Recorrí el local de un vistazo, tratando de vislumbrar algo a través de la espesa neblina de humo gris. En la mesa del rincón se apiñaba un corro de viejos con gorra, jugando al dominó y fumando apestosos pitillos liados a mano. Sumidos en la nube de humo, solo hacían una pausa en el juego para dar un sorbo de whisky y enseguida depositaban sus fichas en la superficie llena de cercos de la mesa con la jovialidad de unos macabros titanes derribando lápidas en un cementerio. Glasgow en su punto goyesco más álgido.

– No sé, Bob -dije, melancólico-. A lo mejor es un placer que me reservo…

– ¡Joder, me cago en la…! -exclamó, mirando bruscamente por encima de mi hombro. Me di la vuelta y vi a cuatro jóvenes que habían entrado por la puerta lateral-. ¡Tommy, Jimmy! -dijo Bob, llamando a los otros camareros, y los tres salieron de detrás de la barra con aire decidido y se fueron hacia el grupo de jóvenes.

Reparé en que los recién llegados iban con toscas ropas de trabajo; uno de ellos con un tabardo de cuero sin mangas sobre la chaqueta, y los cuatro con botas de goma. También advertí que llevaban el pelo más largo de lo normal y que el tipo del tabardo lucía unos espesos y rizados mechones oscuros. Todos tenían la piel tostada de quien pasa mucho tiempo a la intemperie.

– Putos pikeys -masculló Bob entre dientes al pasar por mi lado-. Vosotros… largo de aquí. Ya os he dicho otras veces a los de vuestra calaña que aquí no sois bien recibidos.

– Solo queremos un trago -dijo Ricitos con aire sombrío y un ligero deje irlandés. Era evidente que estaba acostumbrado a recibimientos similares-. Una copa. Tranquila, sin jaleos.

– Aquí no se os servirá ninguna. Vosotros no sabéis beber sin armar jarana. Ya me han destrozado el local otras veces los de vuestra cuerda. Y ahora, largo.

Uno del grupo miraba a Bob con hostilidad, con la actitud del que está pensando en empezar la bronca. Ricitos le puso la mano en el hombro y le dijo algo que no llegué a oír. El tipo relajó la musculatura y salieron en silencio, aunque sin prisas.

– Putos pikeys -repitió Bob cuando ya se habían ido.

– ¿Gitanos? -pregunté.

– Vagabundos irlandeses. Han venido a la feria de Vinegarhill, en Gallowgate. Tienen un campamento junto a las viejas fábricas de vinagre.

– A mí me han parecido bastante razonables.

Big Bob cruzó sus brazos de Popeye sobre su pecho musculoso.

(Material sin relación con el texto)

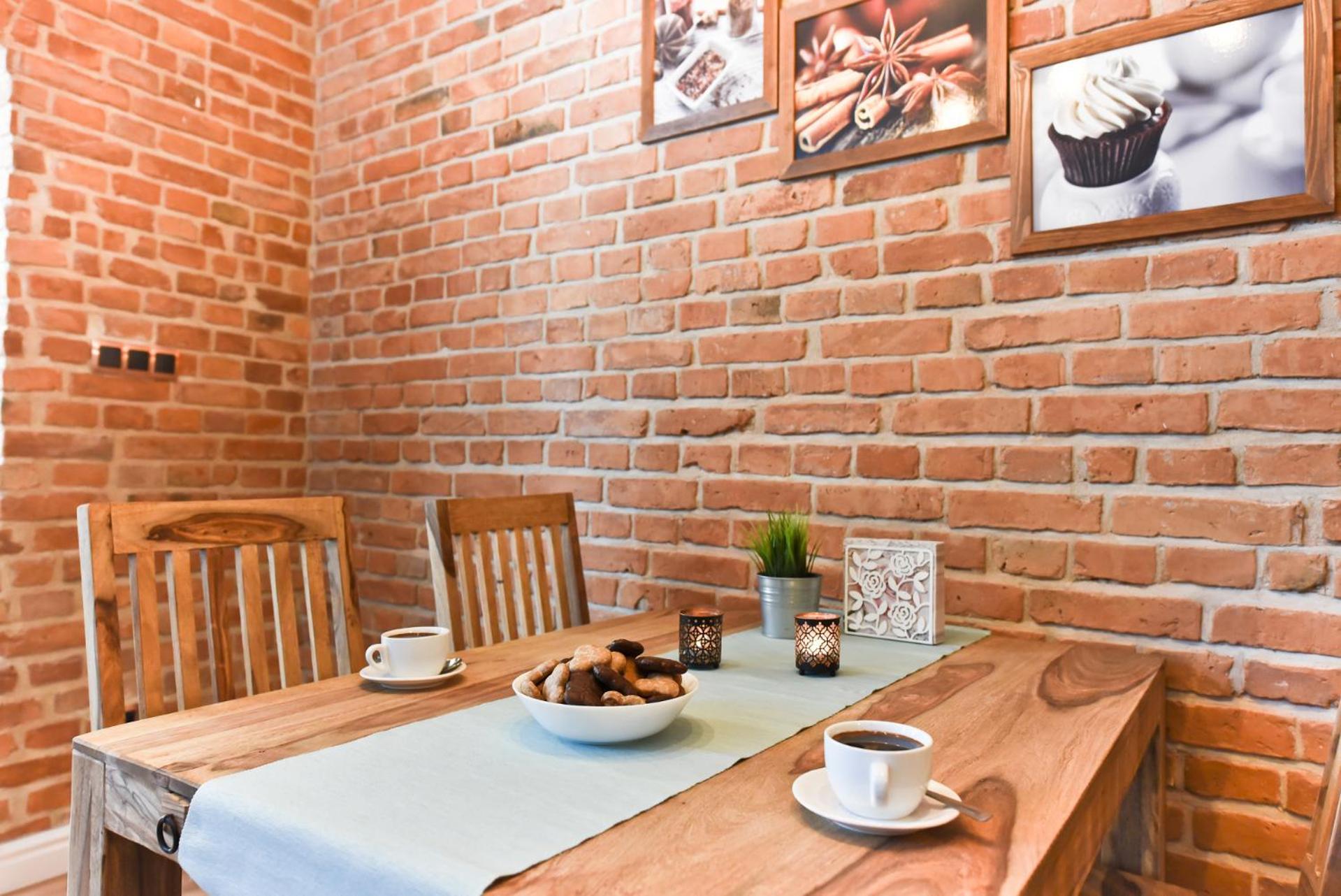 Apartament Starowka No1, No2, No3 Stary Toruń Buitenkant foto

– Sí, ahora lo parecen. Pero con unas copas encima se ponen como locos. Y me verías a mí recogiendo los restos del mobiliario al final de la noche si dejara beber aquí a esos chatarreros de mierda. Beber y pelearse, es lo único que saben hacer.

– Ya… beber y pelearse -repetí, tratando de entender cuál sería la diferencia con los clientes habituales de Glasgow-. Es curioso. La otra noche estuve en una pelea de pikeys.